Reply with every entry, repeated exactly as given.

◆ **THE DATA**
◇ ◇ ◇ ◇
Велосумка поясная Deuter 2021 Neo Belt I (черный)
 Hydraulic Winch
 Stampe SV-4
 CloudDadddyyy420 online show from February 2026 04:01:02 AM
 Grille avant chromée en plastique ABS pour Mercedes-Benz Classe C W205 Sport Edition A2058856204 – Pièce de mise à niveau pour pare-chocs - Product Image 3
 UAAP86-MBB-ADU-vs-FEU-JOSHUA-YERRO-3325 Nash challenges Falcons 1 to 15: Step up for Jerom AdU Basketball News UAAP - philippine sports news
◇ ◇ ◇ ◇
◆ **TASK ANSWER**
Велосумка поясная Deuter 2021 Neo Belt I (черный)
 Hydraulic Winch
 Stampe SV-4
 CloudDadddyyy420 online show from February 2026 04:01:02 AM
 Grille avant chromée en plastique ABS pour Mercedes-Benz Classe C W205 Sport Edition A2058856204 – Pièce de mise à niveau pour pare-chocs - Product Image 3
 UAAP86-MBB-ADU-vs-FEU-JOSHUA-YERRO-3325 Nash challenges Falcons 1 to 15: Step up for Jerom AdU Basketball News UAAP - philippine sports news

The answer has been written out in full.